Shelley Simpson Hoax, 2019

Stainless steel, dimensions variable.

In 1852 it was announced that gold had been found on Waiheke. £100 had been offered to anyone who found gold on the Island, and a man named Merrick was claiming the prize. An investigation team set out to the Island to see whether the claim was legitimate, only to find that it was not, and the event became known as the ‘Waiheke Gold Hoax.’

During the 19th century the hunt for gold in NZ was fierce. Fortunes were made and lost, communities were rapidly built and just as quickly abandoned. If gold had been discovered at Waiheke, it would be a different place today. Waiheke offers other riches; as a holiday destination, a place to make wine, a valued home, a place of refuge, a creative centre and a beautiful natural treasure.

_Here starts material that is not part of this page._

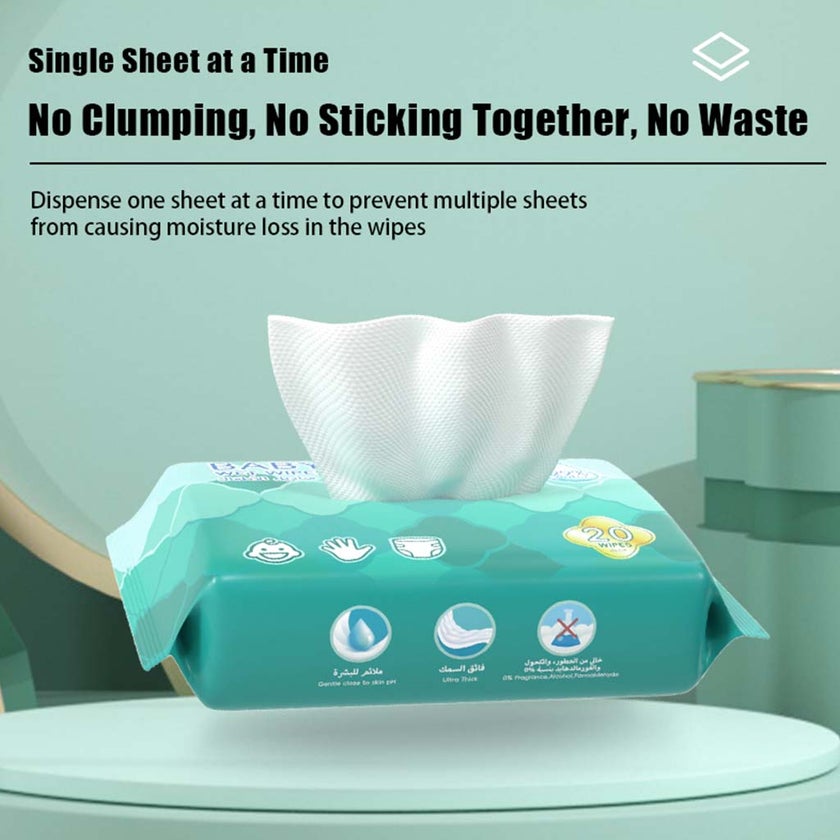 Makuku Baby Wet Wipes, Pack of 20’s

The highly reflective surfaces of Hoax reflect our desires back to us, which in the 19th century may have been the riches available to those who extracted minerals from the Earth. Now in the 21st century we look for solutions to the problems we have inherited directly from the types of behaviour that extractive mining was and is part of. Today, we search for a way to navigate the difficulties of living in the Anthropocene, the geological epoch we now inhabit, when, for the first time, human activity is clearly present in the geological record.

Shelley Simpson

Born in Christchurch. Lives and works in Auckland.

Shelley Simpson considers ideas around ecology and materialism, specifically transformation, cooperation and symbiosis. She works in a variety of media, including sculpture, installation, video and photography. Her recent projects have been based on mining; exploring the complex relationship we have with the land and extractive technologies. In 2018 she was the recipient of a Wild Creations grant from Creative NZ and the Department of Conservation. The grant enabled her to travel to Port Pegasus in Rakiura, Stewart Island to work on a project about a 19th Century tin mining rush.
Shelley received an MFA (First class honours) from Elam in 2016. She is a member of the RM Gallery and Project Space directorial collective.